Elle entra dans la pièce, découvrant le jeune homme assis sur un lit rudimentaire. Il se tenait dos à l'entrée, mais répondait quand même :

— Qui ?

Le vieil homme se tourna vers Kira, attendant de savoir comment il devait l'introduire.

— Une amie que tu ne peux malheureusement pas entendre.

À ces mots, le brun se retourna approximativement vers la porte en lançant :

— Kira ?

Cette dernière se figea devant les blessures qui défiguraient le visage du chevalier. Elle s'était demandé toute la nuit pourquoi les bandages qu'elle avait vus lui passaient sur ses yeux. Elle avait imaginé des scénarios, mais rien ne l'avait préparé à ça.

Une longue plaie en pleine cicatrisation passait d'un côté à l'autre de son visage, traversant ses yeux.

La réalité frappa Kira comme un coup de poing. Ezékiel était aveugle.

— Kira ? redemandait le blessé. Est-ce bien toi ?

Alors elle se rendit compte qu'elle ne pourrait plus jamais lui parler, car elle était muette et lui aveugle. Il ne pourrait plus lire sur ses lèvres ou apprendre la langue des signes.

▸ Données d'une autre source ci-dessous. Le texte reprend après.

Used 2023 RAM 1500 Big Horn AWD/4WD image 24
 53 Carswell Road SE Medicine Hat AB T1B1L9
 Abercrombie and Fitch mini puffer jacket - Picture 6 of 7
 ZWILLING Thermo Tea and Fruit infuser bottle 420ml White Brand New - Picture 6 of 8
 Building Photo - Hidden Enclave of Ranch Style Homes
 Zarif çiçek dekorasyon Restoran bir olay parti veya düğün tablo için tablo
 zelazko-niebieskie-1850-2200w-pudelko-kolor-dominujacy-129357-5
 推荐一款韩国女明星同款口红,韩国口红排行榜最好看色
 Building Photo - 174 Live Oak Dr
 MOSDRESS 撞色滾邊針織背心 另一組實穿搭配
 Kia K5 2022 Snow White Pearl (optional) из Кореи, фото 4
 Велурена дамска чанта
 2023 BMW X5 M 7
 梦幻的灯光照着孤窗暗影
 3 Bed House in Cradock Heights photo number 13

Celui qu'elle considérait comme son seul ami lui paraissait maintenant inaccessible pour toujours.

— C'est bien elle, disait le docteur.

Peut-être qu'Ezékiel arriva à la même conclusion qu'elle, car il se leva brusquement, les mains en avant. Il se dirigea tant bien que mal vers la source des paroles du vieux.

— Où est-elle ? Kira, où es-tu ?

Le guérisseur attrapa la main de son patient et la guida doucement vers l'épaule de Kira qui tressautait sous les sanglots qu'elle essayait de réprimer. Son visage était déformé par la tristesse, mais il ne pouvait pas le voir.

— Kira...

Ses doigts rencontrèrent son visage et il lui sourit.

— Comment ? articulait la jeune femme.

Le docteur répétait la question à voix haute et Ezékiel répondit :

— Un coup d'épée. Un seul coup d'épée m'a rendu aveugle. Je ne peux plus combattre maintenant.

— Et ton dragon ?

De nouveau, le vieux servait d'interprète.

— Rubyrion sera donné à un autre chevalier. Je ne suis plus d'aucune utilité sur un champ de bataille, Kira. Ils n'allaient pas me laisser un dragon.

La chevalière attrapa brusquement la main du garçon qui se baladait encore sur sa joue, comme se remémorant ses traits, pour lui faire comprendre qu'elle n'était pas d'accord.

— Qu'y a-t-il ?

Elle resserra sa prise le regard déterminé.

— Elle ne semble pas de votre avis, disait le médecin avec un sourire.

— On n'a jamais entendu parler d'un guerrier aveugle, soufflait Ezékiel, désabusé.

— Je vais t'aider, lâcha Kira en silence. Je n'abandonnerais pas tant que tu ne serais pas aussi fort que tu l'étais.

Le vieux répétait calmement.

— Kira, je n'étais pas si fort que ça, c'est seulement toi qui te berçais d'illusions. Un coup d'épée à suffit pour me mettre hors d'état de combattre. Et puis, comment voudrais-tu m'aider ? Nous ne pouvons même pas communiquer sans l'aide de quelqu'un.

La brune sera les dents, il n'avait pas tort sur ce dernier point.

— Si je puis me permettre, disait le vieux. Il existe bien d'autres manières de communiquer pour quelqu'un qui ne peut pas parler. Évidemment, il y a la langue des signes que Kira maitrise, mais tu ne peux pas la voir.

Les deux jeunes gens attendaient la suite, guettant les mots qui allaient peut-être leur redonner espoir.

— Il vous reste à tous les deux l'ouïe et le toucher. Il y a les sifflements, les claquements de langue, les tapotements ou même les symboles dessinés sur la paume de la main. Tout est possible, il ne vous reste qu'à apprendre l'un de l'autre.